> [Available data]:
- Opening Delimiter -

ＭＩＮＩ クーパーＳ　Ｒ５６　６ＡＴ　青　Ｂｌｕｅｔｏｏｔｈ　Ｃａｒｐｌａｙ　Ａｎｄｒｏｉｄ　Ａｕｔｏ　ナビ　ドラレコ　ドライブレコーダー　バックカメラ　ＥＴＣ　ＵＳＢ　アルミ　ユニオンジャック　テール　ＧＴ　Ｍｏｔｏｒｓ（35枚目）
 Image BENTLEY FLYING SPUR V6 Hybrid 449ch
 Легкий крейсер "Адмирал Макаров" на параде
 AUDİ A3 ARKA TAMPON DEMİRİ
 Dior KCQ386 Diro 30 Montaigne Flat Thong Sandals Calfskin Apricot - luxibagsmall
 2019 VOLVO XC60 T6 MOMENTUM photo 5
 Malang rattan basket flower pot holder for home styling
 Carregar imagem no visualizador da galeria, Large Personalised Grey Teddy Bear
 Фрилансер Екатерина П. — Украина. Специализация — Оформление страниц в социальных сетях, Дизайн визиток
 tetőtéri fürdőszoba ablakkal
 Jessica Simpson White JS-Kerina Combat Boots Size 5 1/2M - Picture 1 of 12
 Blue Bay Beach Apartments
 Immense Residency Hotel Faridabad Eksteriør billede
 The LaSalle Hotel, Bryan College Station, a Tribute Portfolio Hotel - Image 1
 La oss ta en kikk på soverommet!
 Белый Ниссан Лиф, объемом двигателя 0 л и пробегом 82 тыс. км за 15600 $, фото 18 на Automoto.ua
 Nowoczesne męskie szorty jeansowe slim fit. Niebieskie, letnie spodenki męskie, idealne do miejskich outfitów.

- Closing Delimiter -

> [Work instructions]: All records must be transcribed exactly, with none left out.

> [Solution for this exercise]:
ＭＩＮＩ クーパーＳ　Ｒ５６　６ＡＴ　青　Ｂｌｕｅｔｏｏｔｈ　Ｃａｒｐｌａｙ　Ａｎｄｒｏｉｄ　Ａｕｔｏ　ナビ　ドラレコ　ドライブレコーダー　バックカメラ　ＥＴＣ　ＵＳＢ　アルミ　ユニオンジャック　テール　ＧＴ　Ｍｏｔｏｒｓ（35枚目）
 Image BENTLEY FLYING SPUR V6 Hybrid 449ch
 Легкий крейсер "Адмирал Макаров" на параде
 AUDİ A3 ARKA TAMPON DEMİRİ
 Dior KCQ386 Diro 30 Montaigne Flat Thong Sandals Calfskin Apricot - luxibagsmall
 2019 VOLVO XC60 T6 MOMENTUM photo 5
 Malang rattan basket flower pot holder for home styling
 Carregar imagem no visualizador da galeria, Large Personalised Grey Teddy Bear
 Фрилансер Екатерина П. — Украина. Специализация — Оформление страниц в социальных сетях, Дизайн визиток
 tetőtéri fürdőszoba ablakkal
 Jessica Simpson White JS-Kerina Combat Boots Size 5 1/2M - Picture 1 of 12
 Blue Bay Beach Apartments
 Immense Residency Hotel Faridabad Eksteriør billede
 The LaSalle Hotel, Bryan College Station, a Tribute Portfolio Hotel - Image 1
 La oss ta en kikk på soverommet!
 Белый Ниссан Лиф, объемом двигателя 0 л и пробегом 82 тыс. км за 15600 $, фото 18 на Automoto.ua
 Nowoczesne męskie szorty jeansowe slim fit. Niebieskie, letnie spodenki męskie, idealne do miejskich outfitów.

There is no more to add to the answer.